In the overall network spanning the entire exercise period, we found several structural differences between nodes from the two echelons. On average, nodes from the US Division had more connections to other nodes in the network, were more central in the network, and tended to form more tight clusters with other nodes than individuals in the UK Brigade. These structural differences are consistent with the differences in temporal dynamics between the two groups. The implication is that the higher-echelon US Division staff are fairly constrained by prescribed workflows (e.g., regular ‘battle rhythm’) such as reporting requirements and briefing schedules that ensure a fairly high rate of regular communication among staff members, independent of external events. The structural evidence suggests that the more agile UK Brigade, on the other hand, had more limited communications that were perhaps focused more directly on responding to the scenario events in the exercise. The nature of the relationship between structural properties and temporal dynamics may be further explored in future work.
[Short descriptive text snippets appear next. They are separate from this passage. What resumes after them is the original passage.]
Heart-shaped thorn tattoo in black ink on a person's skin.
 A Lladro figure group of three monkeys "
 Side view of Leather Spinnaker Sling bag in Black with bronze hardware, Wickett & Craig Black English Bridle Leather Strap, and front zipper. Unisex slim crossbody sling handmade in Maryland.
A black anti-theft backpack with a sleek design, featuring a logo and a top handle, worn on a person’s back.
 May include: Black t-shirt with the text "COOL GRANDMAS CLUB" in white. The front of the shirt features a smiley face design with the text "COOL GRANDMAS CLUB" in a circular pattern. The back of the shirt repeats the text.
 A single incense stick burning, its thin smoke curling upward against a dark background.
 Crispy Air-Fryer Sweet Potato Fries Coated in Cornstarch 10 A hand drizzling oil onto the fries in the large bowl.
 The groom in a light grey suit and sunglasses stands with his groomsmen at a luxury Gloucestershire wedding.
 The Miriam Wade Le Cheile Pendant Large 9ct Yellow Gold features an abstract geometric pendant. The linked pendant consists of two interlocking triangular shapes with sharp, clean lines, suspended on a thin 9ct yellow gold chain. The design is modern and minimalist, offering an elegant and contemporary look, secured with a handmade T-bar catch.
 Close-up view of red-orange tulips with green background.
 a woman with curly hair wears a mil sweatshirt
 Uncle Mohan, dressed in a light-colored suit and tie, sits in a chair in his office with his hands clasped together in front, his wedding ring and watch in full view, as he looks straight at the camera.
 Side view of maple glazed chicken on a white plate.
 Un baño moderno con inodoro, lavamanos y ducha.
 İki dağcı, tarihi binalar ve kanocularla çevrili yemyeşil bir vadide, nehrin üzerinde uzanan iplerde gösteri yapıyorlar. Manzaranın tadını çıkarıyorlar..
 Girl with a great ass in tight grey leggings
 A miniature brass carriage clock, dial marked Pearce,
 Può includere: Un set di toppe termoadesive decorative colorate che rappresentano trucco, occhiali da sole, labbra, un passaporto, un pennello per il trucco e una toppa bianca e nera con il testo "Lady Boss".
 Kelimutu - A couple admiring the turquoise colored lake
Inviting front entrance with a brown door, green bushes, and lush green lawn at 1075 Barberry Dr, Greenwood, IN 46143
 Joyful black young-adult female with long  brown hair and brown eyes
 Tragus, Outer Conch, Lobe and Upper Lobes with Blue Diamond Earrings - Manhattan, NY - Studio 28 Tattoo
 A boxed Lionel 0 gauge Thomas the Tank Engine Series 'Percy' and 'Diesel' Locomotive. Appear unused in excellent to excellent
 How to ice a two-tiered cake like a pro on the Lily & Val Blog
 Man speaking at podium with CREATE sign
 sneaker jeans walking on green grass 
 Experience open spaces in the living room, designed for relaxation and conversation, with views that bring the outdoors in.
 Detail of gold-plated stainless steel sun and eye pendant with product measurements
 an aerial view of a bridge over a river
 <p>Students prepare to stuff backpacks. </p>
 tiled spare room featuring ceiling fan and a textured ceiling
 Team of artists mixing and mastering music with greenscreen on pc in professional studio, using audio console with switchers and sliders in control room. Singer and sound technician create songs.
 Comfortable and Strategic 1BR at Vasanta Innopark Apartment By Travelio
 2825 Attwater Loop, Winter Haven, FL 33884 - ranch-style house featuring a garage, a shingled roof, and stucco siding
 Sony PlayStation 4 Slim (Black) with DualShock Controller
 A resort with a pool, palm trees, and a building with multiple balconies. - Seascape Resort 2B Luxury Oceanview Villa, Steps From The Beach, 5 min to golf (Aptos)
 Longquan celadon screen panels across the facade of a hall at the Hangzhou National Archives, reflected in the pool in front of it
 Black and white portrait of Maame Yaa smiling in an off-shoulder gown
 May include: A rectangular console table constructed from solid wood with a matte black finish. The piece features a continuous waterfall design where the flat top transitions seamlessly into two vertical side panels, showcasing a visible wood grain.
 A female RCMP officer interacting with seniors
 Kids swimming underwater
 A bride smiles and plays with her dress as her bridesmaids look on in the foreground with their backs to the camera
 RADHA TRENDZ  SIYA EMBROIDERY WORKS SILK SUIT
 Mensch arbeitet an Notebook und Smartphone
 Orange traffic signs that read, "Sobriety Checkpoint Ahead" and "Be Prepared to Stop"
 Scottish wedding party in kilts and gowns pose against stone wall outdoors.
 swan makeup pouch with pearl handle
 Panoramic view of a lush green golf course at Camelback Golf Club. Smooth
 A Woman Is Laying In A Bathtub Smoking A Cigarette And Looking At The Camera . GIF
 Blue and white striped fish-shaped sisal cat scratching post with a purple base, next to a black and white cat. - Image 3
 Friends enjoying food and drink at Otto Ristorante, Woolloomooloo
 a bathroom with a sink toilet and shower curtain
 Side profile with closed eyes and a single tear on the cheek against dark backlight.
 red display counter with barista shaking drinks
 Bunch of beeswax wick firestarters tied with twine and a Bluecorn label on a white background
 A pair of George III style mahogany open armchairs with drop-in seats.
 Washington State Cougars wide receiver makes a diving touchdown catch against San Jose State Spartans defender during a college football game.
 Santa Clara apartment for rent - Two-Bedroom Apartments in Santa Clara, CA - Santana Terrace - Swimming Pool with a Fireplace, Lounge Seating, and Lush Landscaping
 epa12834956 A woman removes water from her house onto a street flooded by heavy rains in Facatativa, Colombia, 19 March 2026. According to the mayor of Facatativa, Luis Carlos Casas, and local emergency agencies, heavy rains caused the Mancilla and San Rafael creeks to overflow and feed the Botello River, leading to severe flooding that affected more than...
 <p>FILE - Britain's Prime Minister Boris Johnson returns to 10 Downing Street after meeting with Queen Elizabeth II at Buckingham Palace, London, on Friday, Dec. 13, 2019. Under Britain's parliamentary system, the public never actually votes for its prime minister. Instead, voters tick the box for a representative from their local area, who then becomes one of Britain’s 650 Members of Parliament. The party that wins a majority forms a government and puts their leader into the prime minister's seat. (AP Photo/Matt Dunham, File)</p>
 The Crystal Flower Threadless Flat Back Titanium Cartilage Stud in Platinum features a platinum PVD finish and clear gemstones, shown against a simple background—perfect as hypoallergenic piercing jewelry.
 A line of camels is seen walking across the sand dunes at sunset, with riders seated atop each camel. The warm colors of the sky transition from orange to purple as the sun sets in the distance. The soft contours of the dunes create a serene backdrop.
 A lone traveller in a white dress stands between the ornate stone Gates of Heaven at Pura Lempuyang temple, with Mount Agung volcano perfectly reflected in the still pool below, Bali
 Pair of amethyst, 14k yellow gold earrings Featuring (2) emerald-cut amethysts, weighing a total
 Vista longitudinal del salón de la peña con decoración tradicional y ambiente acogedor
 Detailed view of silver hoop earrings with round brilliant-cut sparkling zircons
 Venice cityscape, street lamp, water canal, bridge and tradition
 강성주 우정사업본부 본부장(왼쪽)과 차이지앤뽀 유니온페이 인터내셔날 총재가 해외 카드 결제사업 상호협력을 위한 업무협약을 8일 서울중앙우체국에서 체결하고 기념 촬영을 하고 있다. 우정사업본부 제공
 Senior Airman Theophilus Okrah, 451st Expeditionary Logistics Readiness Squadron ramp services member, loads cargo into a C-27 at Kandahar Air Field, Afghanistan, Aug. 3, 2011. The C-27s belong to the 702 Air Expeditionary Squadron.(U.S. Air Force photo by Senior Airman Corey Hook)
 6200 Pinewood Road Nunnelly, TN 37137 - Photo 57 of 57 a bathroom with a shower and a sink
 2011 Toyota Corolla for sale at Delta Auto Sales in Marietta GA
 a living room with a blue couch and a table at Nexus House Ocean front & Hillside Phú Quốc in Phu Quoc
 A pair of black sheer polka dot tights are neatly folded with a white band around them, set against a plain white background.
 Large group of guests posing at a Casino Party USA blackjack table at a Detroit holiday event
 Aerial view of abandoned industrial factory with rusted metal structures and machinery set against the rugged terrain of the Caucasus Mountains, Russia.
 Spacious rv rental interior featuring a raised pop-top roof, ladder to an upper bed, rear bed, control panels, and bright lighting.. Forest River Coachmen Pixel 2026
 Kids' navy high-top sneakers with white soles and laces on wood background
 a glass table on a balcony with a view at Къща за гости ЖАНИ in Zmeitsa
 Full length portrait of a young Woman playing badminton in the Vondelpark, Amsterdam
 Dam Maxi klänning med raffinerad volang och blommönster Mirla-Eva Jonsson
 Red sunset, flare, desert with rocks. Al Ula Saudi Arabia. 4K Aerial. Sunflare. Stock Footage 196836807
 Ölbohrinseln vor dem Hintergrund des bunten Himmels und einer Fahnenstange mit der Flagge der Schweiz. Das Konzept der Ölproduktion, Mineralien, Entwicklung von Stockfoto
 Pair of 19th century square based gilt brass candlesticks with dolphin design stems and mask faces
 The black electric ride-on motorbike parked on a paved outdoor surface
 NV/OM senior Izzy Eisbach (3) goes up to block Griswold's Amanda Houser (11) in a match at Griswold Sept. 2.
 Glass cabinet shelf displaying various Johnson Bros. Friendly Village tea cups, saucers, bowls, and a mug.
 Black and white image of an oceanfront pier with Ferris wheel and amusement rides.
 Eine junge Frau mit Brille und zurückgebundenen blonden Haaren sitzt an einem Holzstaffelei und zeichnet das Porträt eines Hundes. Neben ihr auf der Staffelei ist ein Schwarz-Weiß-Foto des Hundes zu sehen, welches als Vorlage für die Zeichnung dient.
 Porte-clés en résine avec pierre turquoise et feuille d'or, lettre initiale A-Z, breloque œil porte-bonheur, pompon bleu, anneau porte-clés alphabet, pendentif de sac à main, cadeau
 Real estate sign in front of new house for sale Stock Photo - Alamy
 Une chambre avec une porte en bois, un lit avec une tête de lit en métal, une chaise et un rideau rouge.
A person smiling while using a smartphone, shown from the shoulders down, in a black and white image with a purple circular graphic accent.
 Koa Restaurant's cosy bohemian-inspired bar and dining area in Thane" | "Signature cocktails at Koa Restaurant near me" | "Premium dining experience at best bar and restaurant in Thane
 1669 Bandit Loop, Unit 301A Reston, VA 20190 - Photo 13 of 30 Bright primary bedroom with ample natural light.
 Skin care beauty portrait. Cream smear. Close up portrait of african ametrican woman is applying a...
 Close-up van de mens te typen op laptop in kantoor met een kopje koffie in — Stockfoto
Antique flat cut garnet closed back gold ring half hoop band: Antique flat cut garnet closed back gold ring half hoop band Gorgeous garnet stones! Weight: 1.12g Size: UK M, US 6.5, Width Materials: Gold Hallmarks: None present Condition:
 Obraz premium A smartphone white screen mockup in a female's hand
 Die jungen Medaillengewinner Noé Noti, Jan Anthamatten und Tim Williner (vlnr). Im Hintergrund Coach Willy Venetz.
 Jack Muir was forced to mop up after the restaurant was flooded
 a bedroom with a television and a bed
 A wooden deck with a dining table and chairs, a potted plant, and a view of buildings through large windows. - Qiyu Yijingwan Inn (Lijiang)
To make interpretations and predictions about humans and the organizational and environmental context in which they operate, network approaches need to capture and incorporate both performance and environmental models. In our work we combined techniques from social network analysis and time series analysis to predict the communication dynamics of a networked coalition C2 organization. Our approach was novel in that it incorporated external events and assessed where in the organization communications were driven by these events. This type of approach may be useful for ongoing and future work exploring the relationships between networked communication dynamics and objective measures of organization performance (e.g., Buchler et al. 2013, 2014; Orvis et al. 2013; Saavedra et al. 2011). A more complete understanding of the driving factors of communications within C2 networks can greatly improve such models relating communications to performance and effectiveness. There is a clear advantage to understanding how the pattern of networked communication influences the effectiveness of the organizational response to environmental events, that can lead the way for opportunities for technological and training intervention to improve effectiveness.